Holding on to what I discover and experience—what does that look like in real life, over and over anew?
It means to me that I listen for how God is already working and that I work alongside capable people, wherever I am, to live lives in response to God’s love.
The monks at Gethsemani I observed on my recent retreat there generally don’t make themselves known individually. Collectively they create a place for people like me to renew and find my life by living their own lives—being true as they see it to the people God made them to be. By caring for each other as a community, they make it possible for each one of them to live out their devotion to God.
In the little I know about Thomas Merton from his work and other’s writing about his life; he couldn’t have, wouldn’t have written what he did without the support or collective presence of Gethsemani.
How does struggle and grace enable me to live outside the lines, or as Father Seamus, housemaster at Gethsemani, explained the contemplative life as countercultural?
Parker Palmer records that Rosa Parks, when asked why she sat on the seat in the front of the bus that ordinary day in Montgomery, Alabama, said that she did it because she was tired.
That seems to me like she had the courage to do what was right for her at that moment that was counter to the cultural norm. Was it that simple or profound?

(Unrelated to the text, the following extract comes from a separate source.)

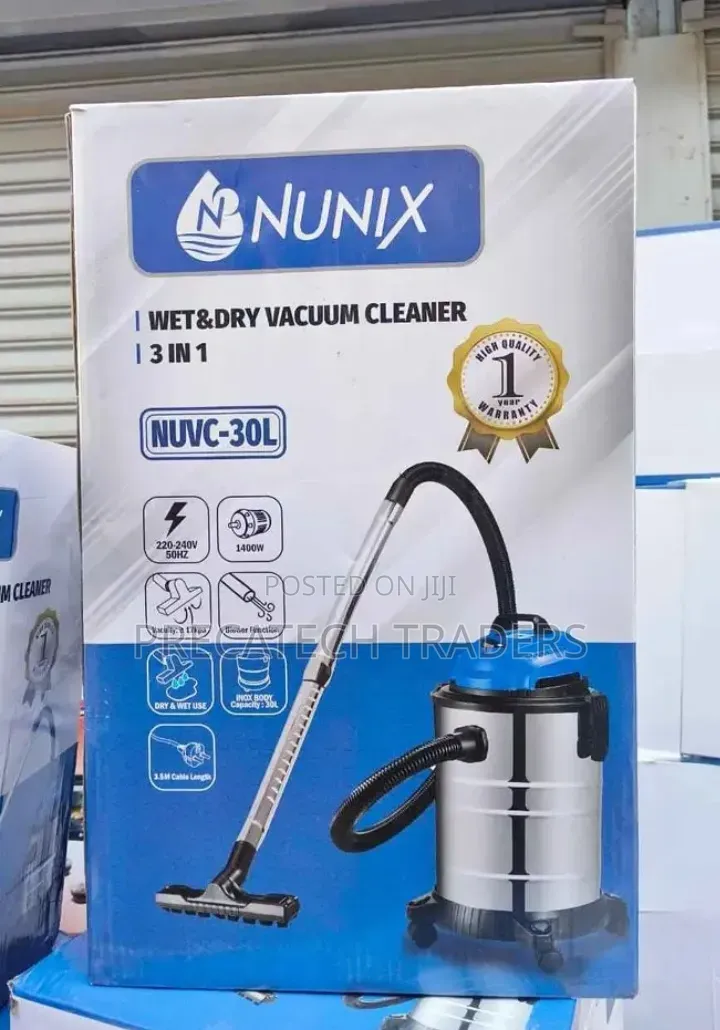 Nunix 1400W 30L Wet Dry Vacuum Cleaner With Blower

Palmer says it was more than her body being tired. It was her soul that was tired of playing by the racist rules and denying her selfhood.
One of my challenges as an educator is to find, as Parker Palmer says, ” a right relationship to institutions with which I have a lifelong lover’s quarrel.” Is an academic presence a way for me to build new relationships that create an ethos of shared lives that dismantles hierarchies? My faith compels me to work alongside other people to create more equitable footings in a spirit of grace and growth.
I met someone yesterday that says that place found him. I am on the way there, too.